# 2D Change Velocity Based on Distance XY While Moving Parabolic Arc

What I'm trying to achieve is that the entity moves in a parabolic curve, and no this has nothing to do with gravity before you ask.

I give the entity a target position which it should move to, but not in a straight line, it should move to that target position in a parabolic curve.

I'll Show an example below:

It doesn't matter where the start or target it, I just want the calculate the proper velocity separately for x and y. so that the x, y of the entity arrive at the target position at the exact same time. My entity can move in 8 directions based on targetXY.
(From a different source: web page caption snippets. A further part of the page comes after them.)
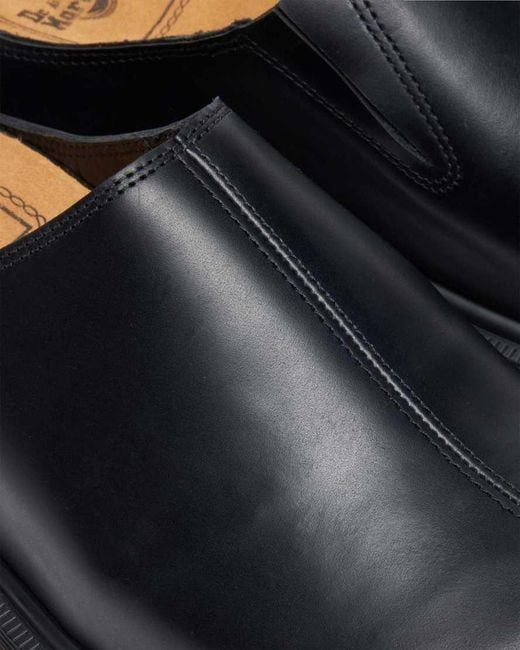 Dr. Martens Black San Mule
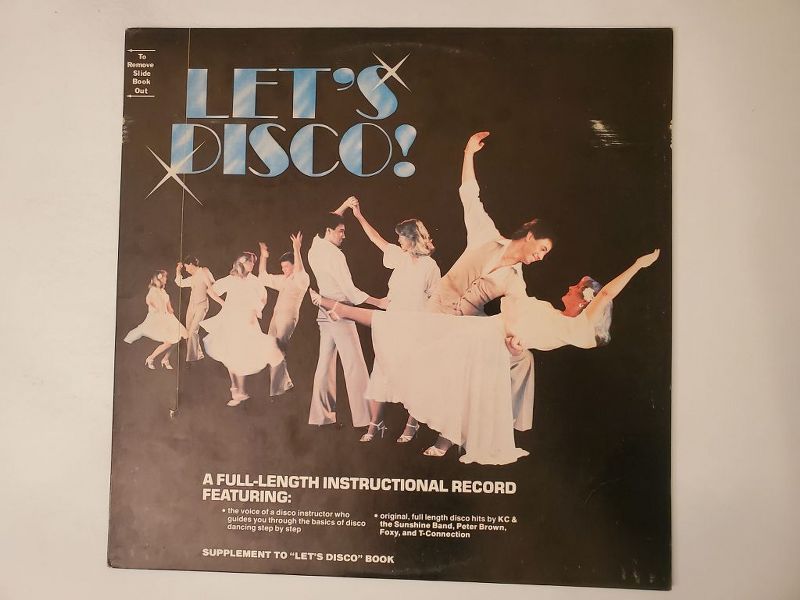 Various Artists Let's Disco! vinyl record
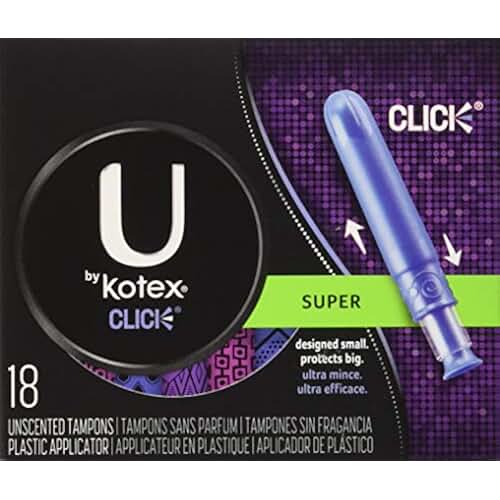 kotex tampons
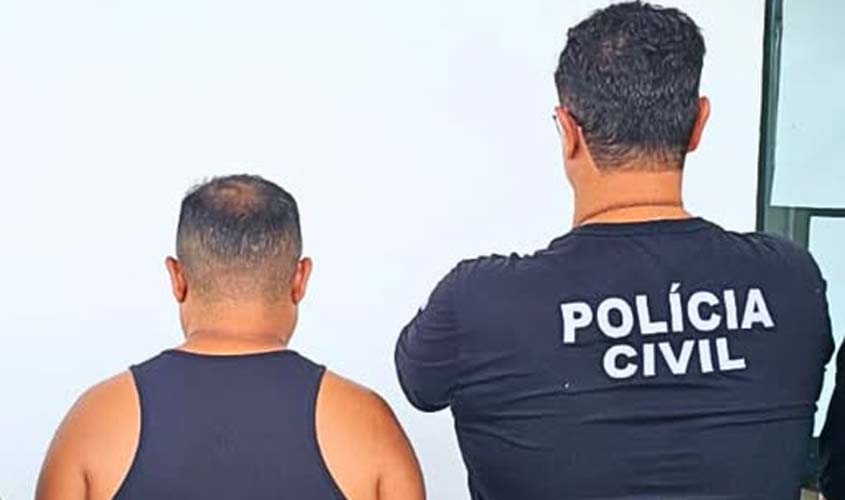 Polícia Civil prende suspeito por abuso infantil
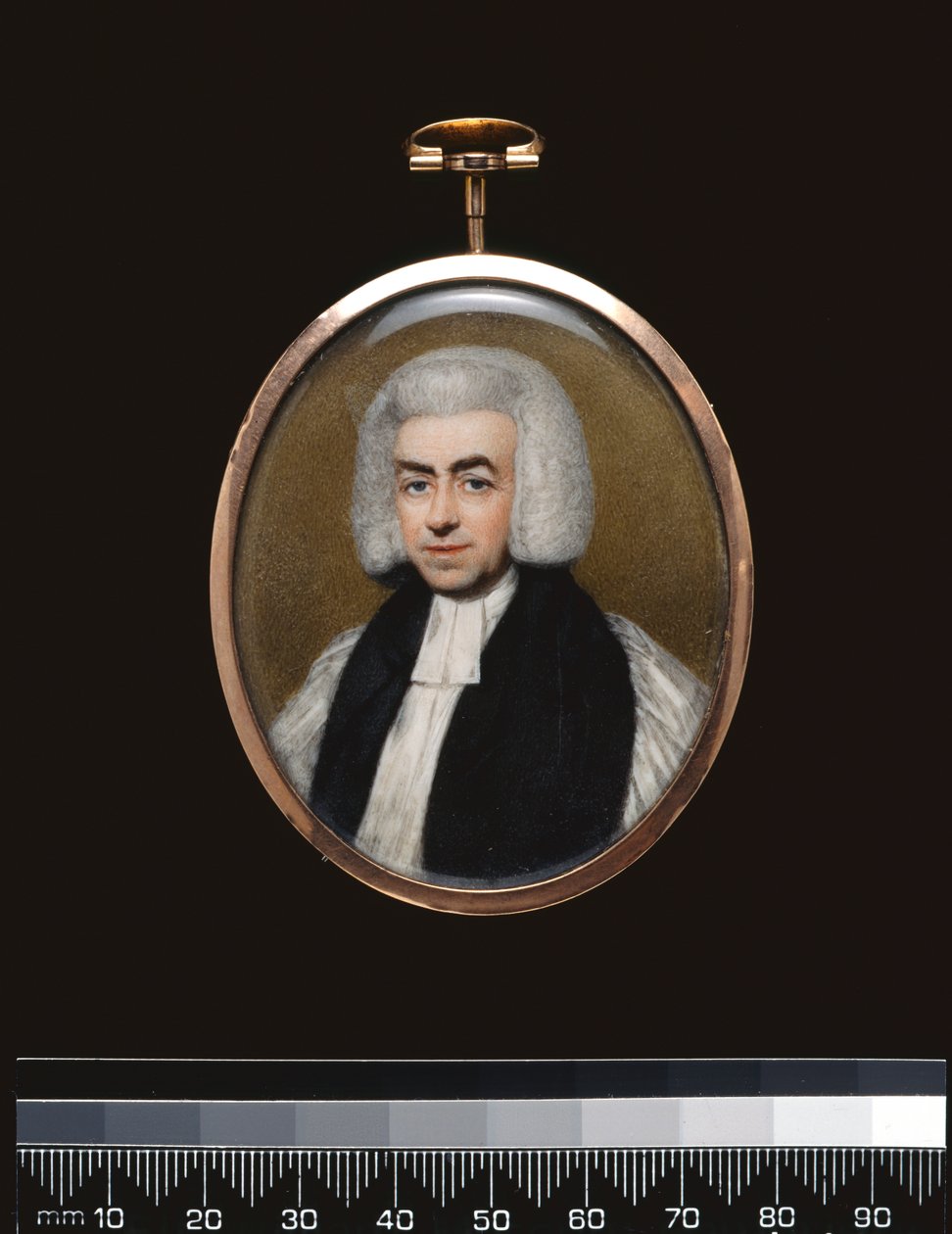 Samuel Hallifax, Bispo de Gloucester de Henry Edridge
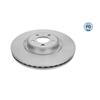 2x MEYLE Brake Disc 183 521 0007/PD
What I do is calculate the middle point for each x ,y I separately between startPositionXY and targetPositionXY. I increase the velocity until the middle point and after the middle point I decrease it. But it the Entity x and y do not reach the intented target at the same time instead one either x or y always gets there before the other depending on which direction it's moving in.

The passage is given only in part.